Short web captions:
........

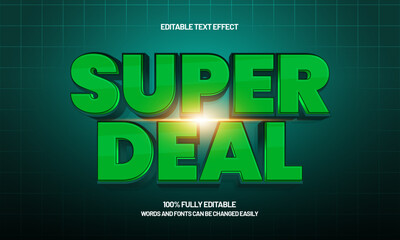 super deal editable text effect with a sale and offer text style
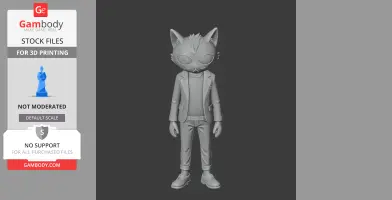 Anthropomorphic cat character in a suit, standing. Suitable for 3D printing.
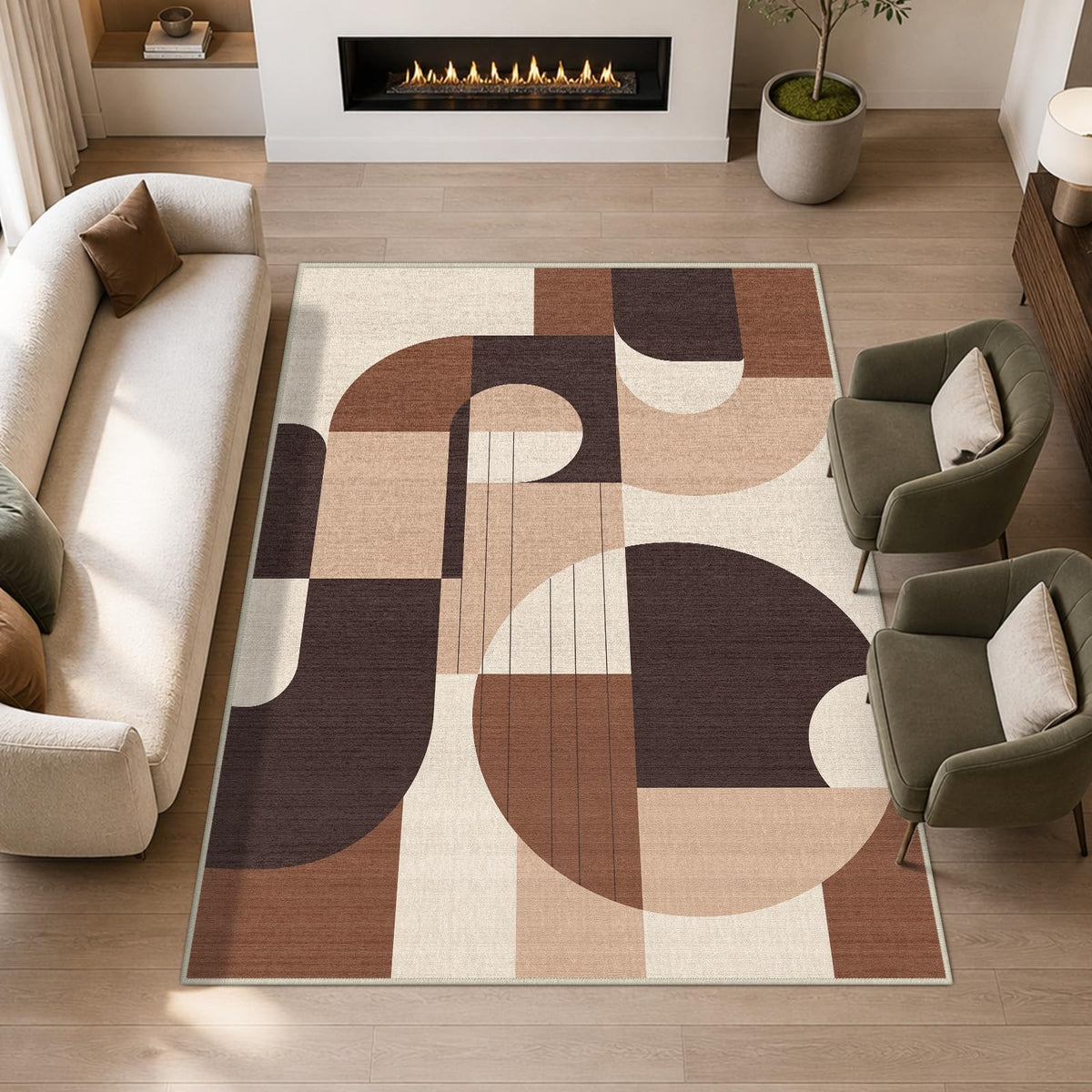 5x7 Area Rug Colorful Boho Geometric Carpet Modern Abstract Large Rug for Living Room Bedroom Machine Washable Non-Slip Rug for Dining Room Kids Playroom Office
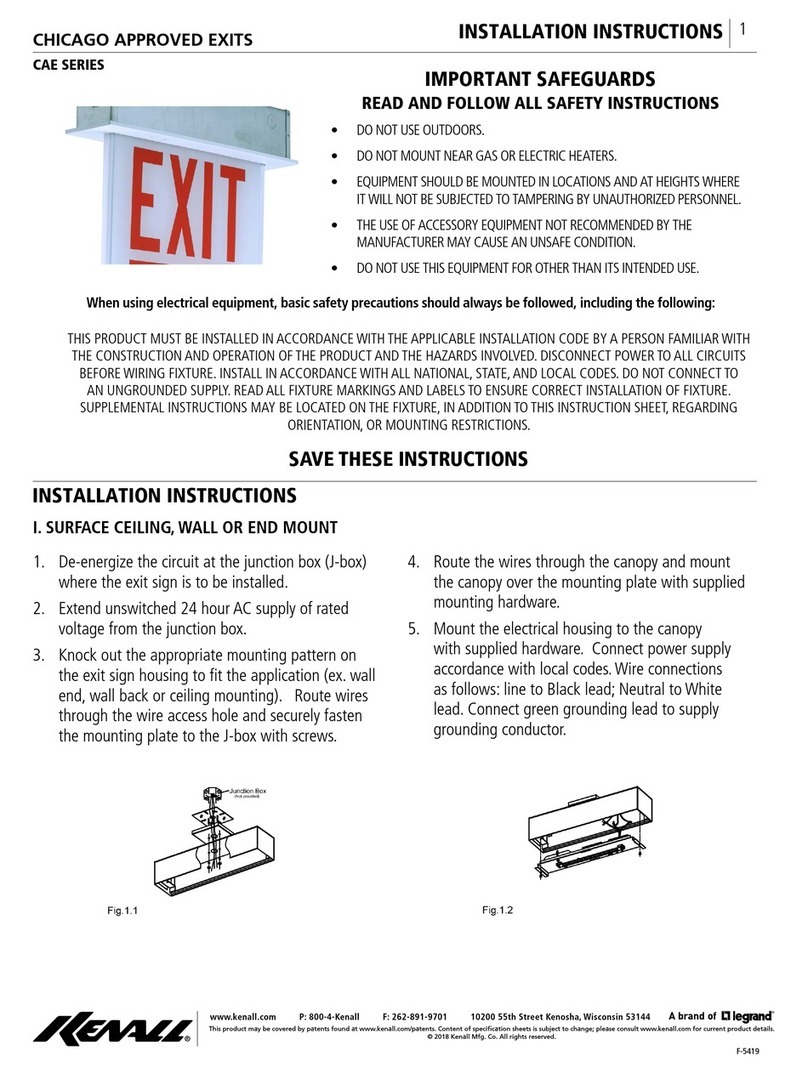 LEGRAND Kenall CAE Series installation instructions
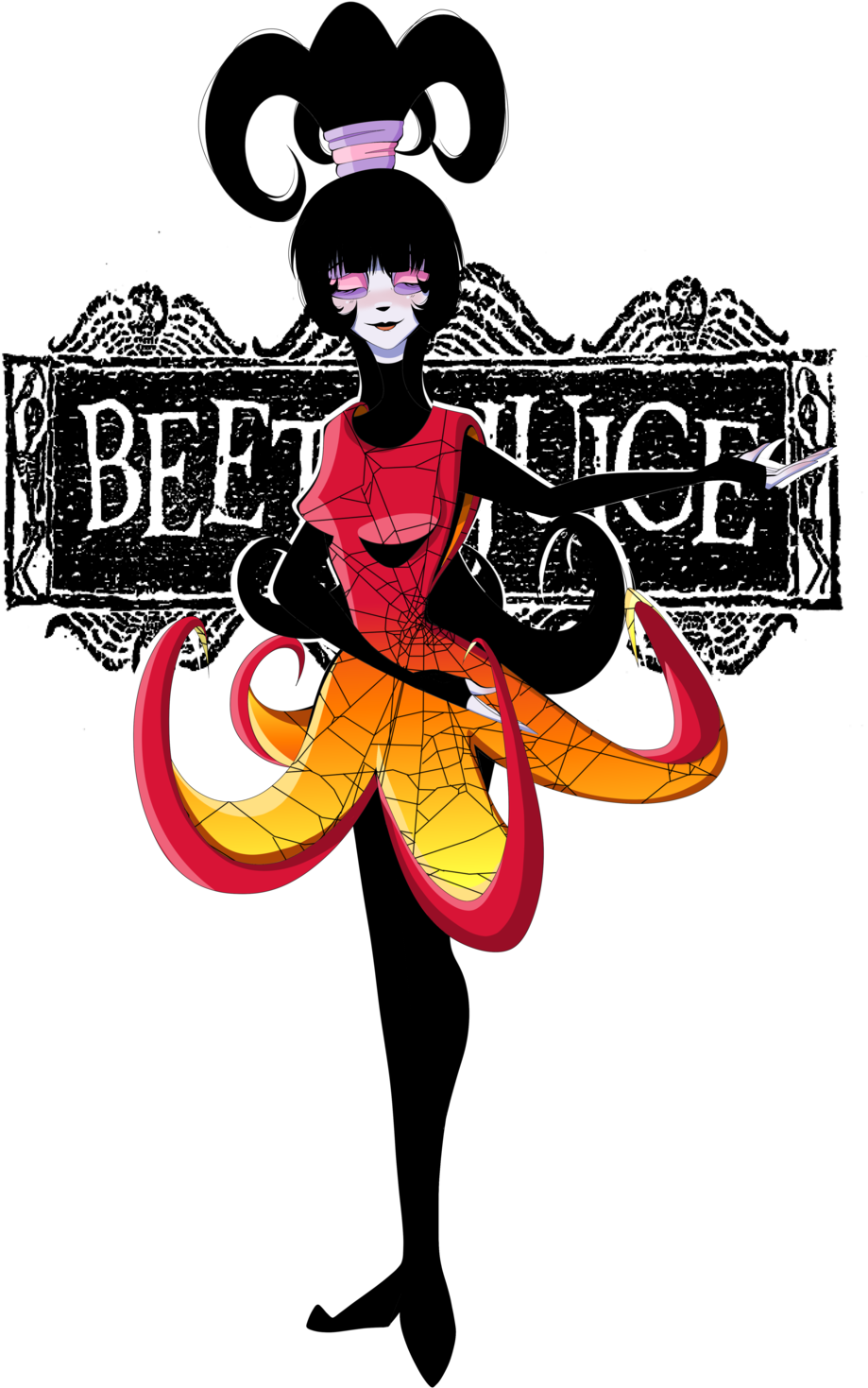 風格化 Beetlejuice 角色插畫 壁紙 — 一個風格化的動畫角色，身體呈紅橙色漸變，戴著紫色帽子，站在黑色背景前，上面有白色文字 'BEET JUICE'。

........

EXERCISE DESCRIPTION: Take every entry and repeat it verbatim, minus the pictures.

SOLUTION FOR THIS TASK:
 super deal editable text effect with a sale and offer text style
 Anthropomorphic cat character in a suit, standing. Suitable for 3D printing.
 5x7 Area Rug Colorful Boho Geometric Carpet Modern Abstract Large Rug for Living Room Bedroom Machine Washable Non-Slip Rug for Dining Room Kids Playroom Office
 LEGRAND Kenall CAE Series installation instructions
 風格化 Beetlejuice 角色插畫 壁紙 — 一個風格化的動畫角色，身體呈紅橙色漸變，戴著紫色帽子，站在黑色背景前，上面有白色文字 'BEET JUICE'。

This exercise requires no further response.